▸ **PROVIDED RECORDS**:
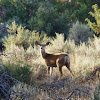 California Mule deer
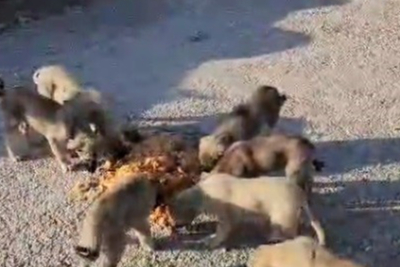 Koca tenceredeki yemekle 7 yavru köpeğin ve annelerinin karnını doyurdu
---
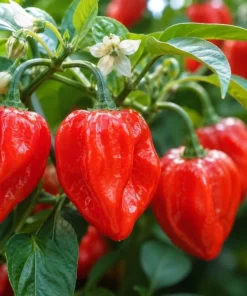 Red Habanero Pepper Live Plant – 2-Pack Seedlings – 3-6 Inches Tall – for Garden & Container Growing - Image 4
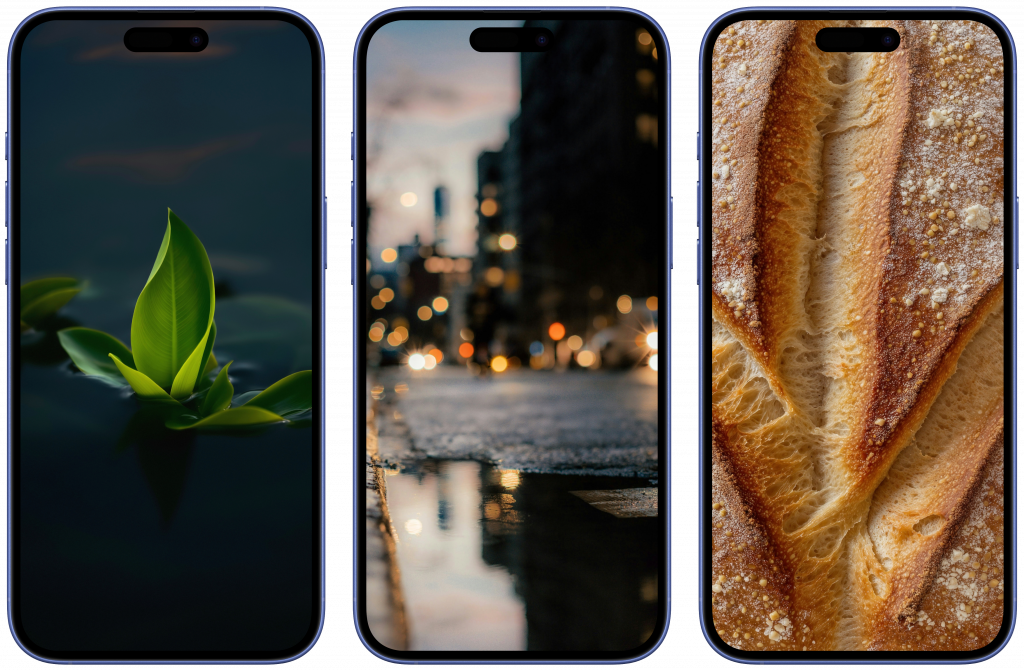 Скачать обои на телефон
==
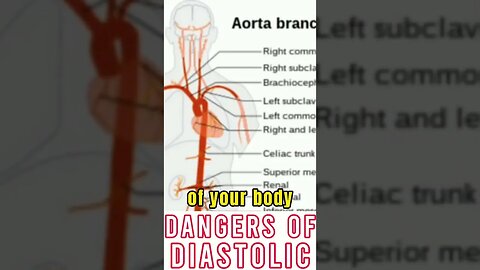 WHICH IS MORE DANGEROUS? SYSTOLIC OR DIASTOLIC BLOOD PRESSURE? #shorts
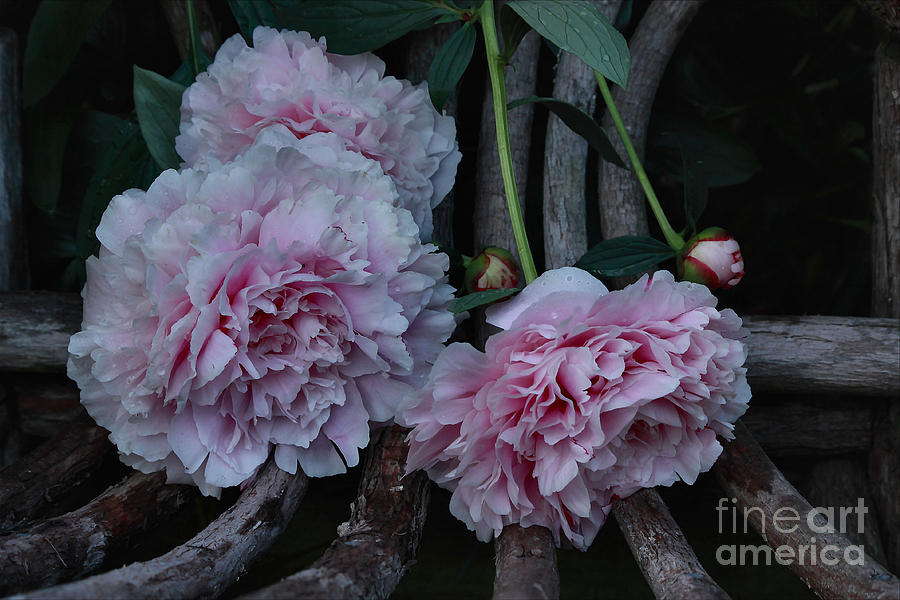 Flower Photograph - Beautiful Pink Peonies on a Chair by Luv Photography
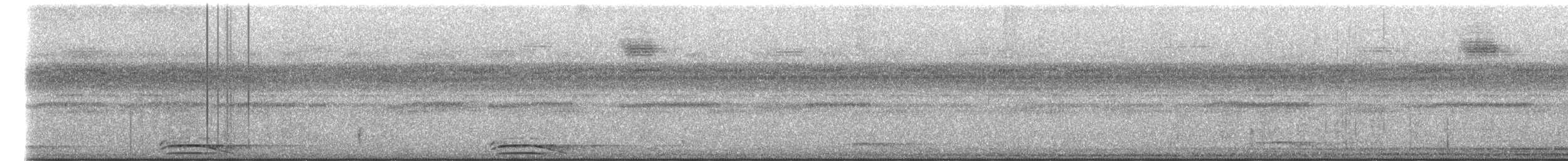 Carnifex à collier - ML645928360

▸ **INSTRUCTIONS FOR THE TASK**: Within the listing above, find the line containing "WHICH IS MORE" and the line containing "Carnifex à collier - ML645928360". Transcribe them and everything between them exactly, leaving out the pictures.

▸ **OUTPUT BELOW**:
 WHICH IS MORE DANGEROUS? SYSTOLIC OR DIASTOLIC BLOOD PRESSURE? #shorts
 Flower Photograph - Beautiful Pink Peonies on a Chair by Luv Photography
 Carnifex à collier - ML645928360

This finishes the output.